In an article published in The New Yorker by Dan Remnick, President Obama chronicles his time in office, personal experiences and visions of the future. He also casually discusses with reporter Remnick his firm position on certain social issues but rides the fence on marijuana legalization. His laissez-faire attitude about legalization has drug policy and prevention experts scratching their heads in confusion as to why the President will not give clear guidance on this important issue.

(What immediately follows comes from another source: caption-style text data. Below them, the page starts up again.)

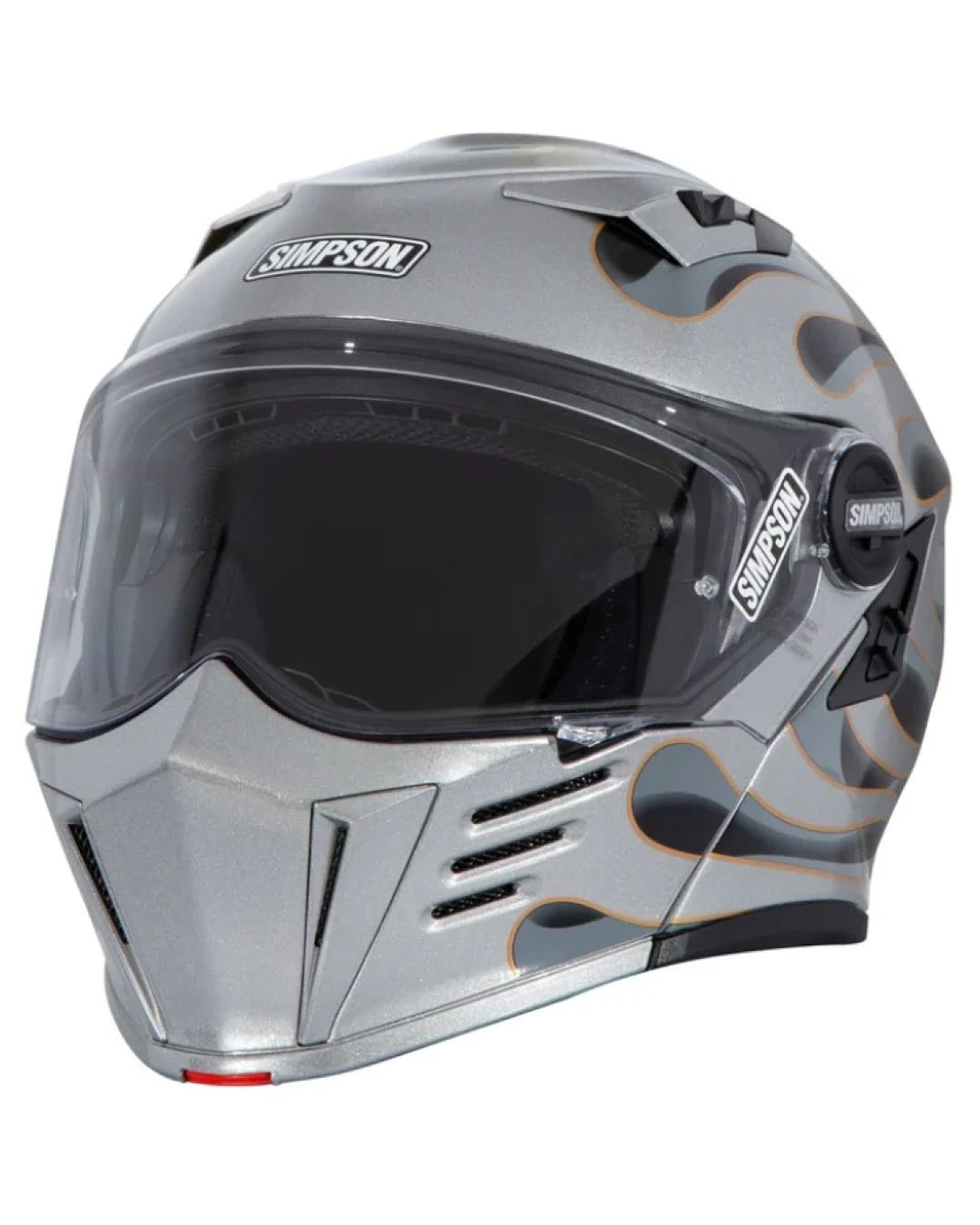 Каска SIMPSON Darksome Wildfire Grey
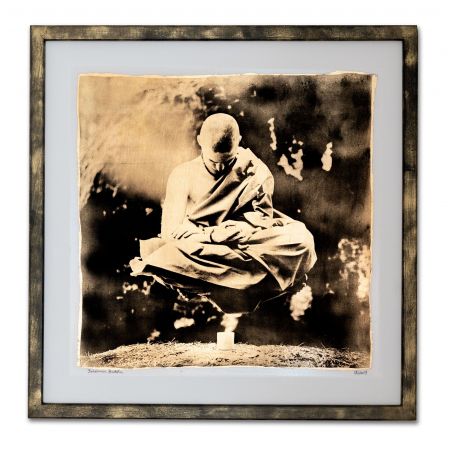 Bohemian Buddha - Resinotype - Alternative Photography print by David Heger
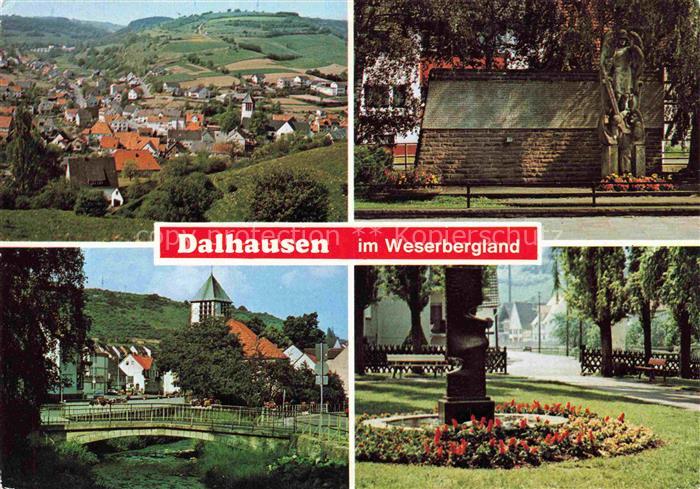 Dalhausen Beverungen Hoexter NRW Panorama Ortsmotive Park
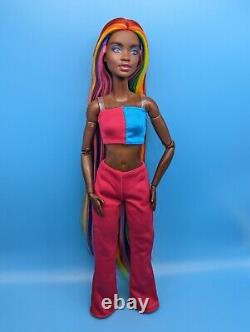 Pride Month OOAK Custom Reroot Barbie Signature Looks 14 Elle Long Rainbow Hair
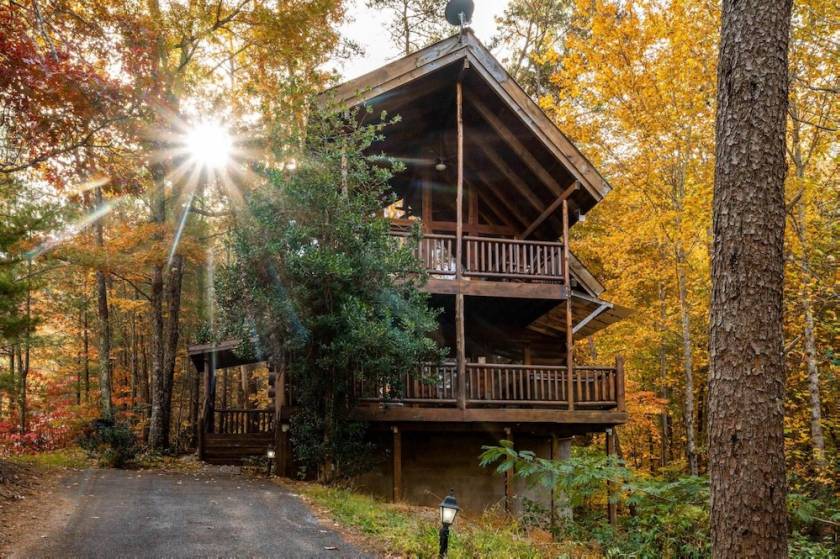 beautiful log cabin in Gatlinburg tn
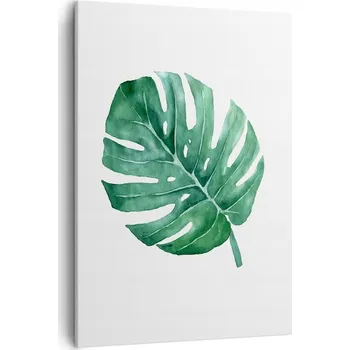 Obraz Obraz na plátně do obýváku, ložnice 50x70 monstera obrazy na zeď canvas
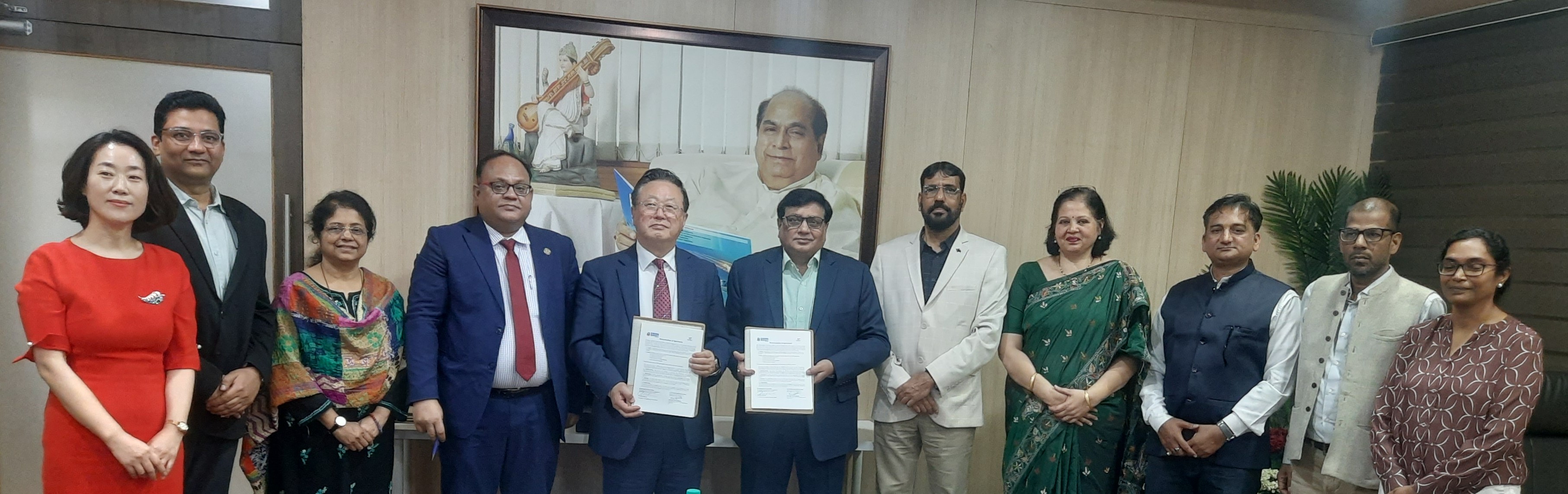 MOU signed between Kyungdong University Global Campus and D Y Patil International University. - Photo 1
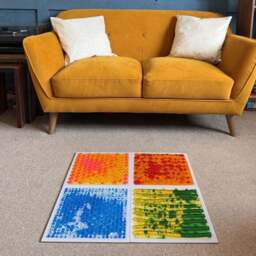 Happy Feet Barefoot Therapy Set of 4 Liquid Textured Sensory Floor Tile Play Mats - thumbnail 2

President Obama is surrounded by a myriad of experts who have voiced serious concerns about the harms of marijuana and rejected legalization, so either he is seriously ill-informed about the issue or is completely ignoring warnings from his highly-esteemed advisors. Director of the Office of National Drug Control Policy, Gil Kerlikowske, has stated on numerous occasions that ‘marijuana legalization is a dangerous social experiment.’ Yet the President said, ‘it’s important for it to go forward,’ meaning the legalization of marijuana in the states of Colorado and Washington. Nora Volkow, Director of the National Institute on Drug Abuse (NIDA), indicates on www.drugabuse.gov that ‘increases in potency may account for the rise in emergency department visits involving marijuana use. For experienced users, it may mean a greater risk for addiction if they are exposing them-selves to high doses on a regular basis.’ According to the National Institutes of Health, one in six kids who try pot before 18 will abuse it or become addicted. Other studies have also shown that regular use of marijuana is robbing our youth of their IQ points, memory and in some cases, their mental health. The American Medical Association (AMA) has come out against the legal sales of marijuana due to public health concerns. Further, the majority of other major health organizations share the AMA’s sentiments. However, President Obama claims it is no more harmful than alcohol. He casually compares pot to alcohol and tobacco as though none of these drugs are public health threats.
The President can oppose the legalization of marijuana and still make thought-provoking changes to drug policies. Legalization is one extreme that the President should push back against. His lack of a formal position on what he is or is not supporting is an irresponsible move for such a person in the most highly-regarded position in this country.